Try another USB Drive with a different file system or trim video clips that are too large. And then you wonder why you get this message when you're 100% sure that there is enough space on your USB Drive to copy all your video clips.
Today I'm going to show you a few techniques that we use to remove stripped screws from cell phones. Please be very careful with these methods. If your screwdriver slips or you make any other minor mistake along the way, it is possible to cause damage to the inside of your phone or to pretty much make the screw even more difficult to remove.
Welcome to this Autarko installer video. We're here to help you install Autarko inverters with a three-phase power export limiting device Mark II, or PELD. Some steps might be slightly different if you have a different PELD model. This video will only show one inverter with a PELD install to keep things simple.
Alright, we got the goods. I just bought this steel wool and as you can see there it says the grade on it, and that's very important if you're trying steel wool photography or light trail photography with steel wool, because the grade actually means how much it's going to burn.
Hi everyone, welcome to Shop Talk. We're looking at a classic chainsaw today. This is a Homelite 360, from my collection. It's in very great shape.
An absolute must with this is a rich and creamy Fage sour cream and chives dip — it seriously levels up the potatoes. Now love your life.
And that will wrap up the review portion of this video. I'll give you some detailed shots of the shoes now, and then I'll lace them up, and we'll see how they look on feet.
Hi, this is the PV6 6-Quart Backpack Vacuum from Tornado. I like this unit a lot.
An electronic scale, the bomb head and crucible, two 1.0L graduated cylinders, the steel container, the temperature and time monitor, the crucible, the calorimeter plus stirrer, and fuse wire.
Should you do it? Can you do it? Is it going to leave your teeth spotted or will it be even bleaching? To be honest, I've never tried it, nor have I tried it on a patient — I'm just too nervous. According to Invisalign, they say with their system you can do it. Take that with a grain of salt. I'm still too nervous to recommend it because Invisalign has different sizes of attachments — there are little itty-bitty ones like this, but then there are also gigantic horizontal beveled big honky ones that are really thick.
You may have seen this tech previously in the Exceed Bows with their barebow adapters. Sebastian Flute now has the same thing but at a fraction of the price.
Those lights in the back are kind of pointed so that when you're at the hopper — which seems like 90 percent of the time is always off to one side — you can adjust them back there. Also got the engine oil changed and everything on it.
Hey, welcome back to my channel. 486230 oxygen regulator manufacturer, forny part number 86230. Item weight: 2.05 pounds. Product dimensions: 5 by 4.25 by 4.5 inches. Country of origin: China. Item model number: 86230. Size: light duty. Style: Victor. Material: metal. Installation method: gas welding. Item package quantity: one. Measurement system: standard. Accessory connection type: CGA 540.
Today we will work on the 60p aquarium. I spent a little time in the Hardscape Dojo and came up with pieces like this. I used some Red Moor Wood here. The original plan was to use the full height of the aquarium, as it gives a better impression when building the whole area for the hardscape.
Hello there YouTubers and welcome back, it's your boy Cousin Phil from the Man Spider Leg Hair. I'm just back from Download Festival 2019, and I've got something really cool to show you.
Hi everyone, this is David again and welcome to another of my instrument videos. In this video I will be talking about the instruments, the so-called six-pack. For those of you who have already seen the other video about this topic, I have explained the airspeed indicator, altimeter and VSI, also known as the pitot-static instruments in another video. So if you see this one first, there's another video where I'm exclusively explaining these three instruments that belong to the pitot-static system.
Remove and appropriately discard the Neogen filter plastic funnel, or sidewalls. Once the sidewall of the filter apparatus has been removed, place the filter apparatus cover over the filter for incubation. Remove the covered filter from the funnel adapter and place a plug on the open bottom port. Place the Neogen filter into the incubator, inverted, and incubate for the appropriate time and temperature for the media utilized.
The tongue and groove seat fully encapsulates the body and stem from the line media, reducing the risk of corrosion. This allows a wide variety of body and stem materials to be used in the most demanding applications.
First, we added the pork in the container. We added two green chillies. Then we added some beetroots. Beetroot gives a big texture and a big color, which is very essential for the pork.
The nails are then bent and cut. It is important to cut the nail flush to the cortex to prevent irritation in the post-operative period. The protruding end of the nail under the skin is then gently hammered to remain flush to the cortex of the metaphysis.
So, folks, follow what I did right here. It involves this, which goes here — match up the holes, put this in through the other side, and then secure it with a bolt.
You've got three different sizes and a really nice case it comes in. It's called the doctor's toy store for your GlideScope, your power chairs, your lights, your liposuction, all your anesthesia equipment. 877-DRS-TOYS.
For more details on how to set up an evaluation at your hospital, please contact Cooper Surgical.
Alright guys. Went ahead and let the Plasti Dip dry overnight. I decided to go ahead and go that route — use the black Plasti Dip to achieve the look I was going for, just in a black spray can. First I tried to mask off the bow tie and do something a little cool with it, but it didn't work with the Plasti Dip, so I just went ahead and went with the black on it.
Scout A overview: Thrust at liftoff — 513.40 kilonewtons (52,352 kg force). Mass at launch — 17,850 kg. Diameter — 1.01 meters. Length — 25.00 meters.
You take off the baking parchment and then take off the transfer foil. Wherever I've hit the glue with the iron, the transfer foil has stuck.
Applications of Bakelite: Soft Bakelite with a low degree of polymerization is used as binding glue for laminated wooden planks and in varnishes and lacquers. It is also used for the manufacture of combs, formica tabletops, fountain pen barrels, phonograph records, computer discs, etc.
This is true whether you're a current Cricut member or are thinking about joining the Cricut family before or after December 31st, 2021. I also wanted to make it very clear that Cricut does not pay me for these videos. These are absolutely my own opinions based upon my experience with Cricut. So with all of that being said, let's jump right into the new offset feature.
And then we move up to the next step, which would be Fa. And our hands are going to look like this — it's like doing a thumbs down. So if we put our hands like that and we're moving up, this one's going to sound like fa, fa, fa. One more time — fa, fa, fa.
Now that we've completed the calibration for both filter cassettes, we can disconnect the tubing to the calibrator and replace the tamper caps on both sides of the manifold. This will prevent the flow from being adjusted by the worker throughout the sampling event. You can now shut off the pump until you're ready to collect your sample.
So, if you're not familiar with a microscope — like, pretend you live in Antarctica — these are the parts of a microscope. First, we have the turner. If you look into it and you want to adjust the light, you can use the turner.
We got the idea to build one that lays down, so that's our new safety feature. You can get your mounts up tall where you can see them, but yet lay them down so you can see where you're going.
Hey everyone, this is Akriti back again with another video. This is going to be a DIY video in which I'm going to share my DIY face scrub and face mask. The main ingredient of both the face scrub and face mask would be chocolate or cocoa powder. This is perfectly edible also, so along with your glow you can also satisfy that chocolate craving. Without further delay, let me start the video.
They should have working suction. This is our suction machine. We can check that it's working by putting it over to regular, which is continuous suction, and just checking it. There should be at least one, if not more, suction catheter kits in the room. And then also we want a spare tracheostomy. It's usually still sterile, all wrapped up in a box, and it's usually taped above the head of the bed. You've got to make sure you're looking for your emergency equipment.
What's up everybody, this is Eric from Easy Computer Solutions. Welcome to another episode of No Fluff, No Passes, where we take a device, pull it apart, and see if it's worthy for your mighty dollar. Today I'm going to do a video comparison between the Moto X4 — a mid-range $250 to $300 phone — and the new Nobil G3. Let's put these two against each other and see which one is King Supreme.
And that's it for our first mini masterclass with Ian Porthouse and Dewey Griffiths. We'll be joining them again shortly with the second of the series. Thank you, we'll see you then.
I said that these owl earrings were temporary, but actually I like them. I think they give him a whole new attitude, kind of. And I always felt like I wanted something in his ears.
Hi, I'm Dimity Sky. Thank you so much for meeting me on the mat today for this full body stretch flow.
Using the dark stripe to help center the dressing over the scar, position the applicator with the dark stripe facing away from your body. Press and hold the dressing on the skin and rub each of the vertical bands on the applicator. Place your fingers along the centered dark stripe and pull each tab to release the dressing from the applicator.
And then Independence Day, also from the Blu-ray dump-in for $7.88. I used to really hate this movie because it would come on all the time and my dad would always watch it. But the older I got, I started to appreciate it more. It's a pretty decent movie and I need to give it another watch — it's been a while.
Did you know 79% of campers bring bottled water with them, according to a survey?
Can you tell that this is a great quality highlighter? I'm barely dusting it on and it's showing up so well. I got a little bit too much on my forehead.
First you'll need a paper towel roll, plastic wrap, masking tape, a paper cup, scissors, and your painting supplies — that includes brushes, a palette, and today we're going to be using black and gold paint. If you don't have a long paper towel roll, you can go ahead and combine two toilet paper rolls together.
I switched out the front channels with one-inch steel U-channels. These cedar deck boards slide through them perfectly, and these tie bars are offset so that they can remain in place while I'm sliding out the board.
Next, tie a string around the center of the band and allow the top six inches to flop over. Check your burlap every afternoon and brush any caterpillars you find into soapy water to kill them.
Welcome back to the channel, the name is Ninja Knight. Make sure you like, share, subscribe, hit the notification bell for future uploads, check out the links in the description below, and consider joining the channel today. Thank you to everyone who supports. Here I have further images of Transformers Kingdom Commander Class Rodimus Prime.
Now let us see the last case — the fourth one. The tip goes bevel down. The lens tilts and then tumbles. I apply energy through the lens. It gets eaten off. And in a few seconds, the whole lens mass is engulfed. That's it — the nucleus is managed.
--- --- ---
Would you please copy, word for word, everything above from the line containing "The nails are" down to the line containing "So, folks, follow", those two lines included?

## [Task solution]
The nails are then bent and cut. It is important to cut the nail flush to the cortex to prevent irritation in the post-operative period. The protruding end of the nail under the skin is then gently hammered to remain flush to the cortex of the metaphysis.
So, folks, follow what I did right here. It involves this, which goes here — match up the holes, put this in through the other side, and then secure it with a bolt.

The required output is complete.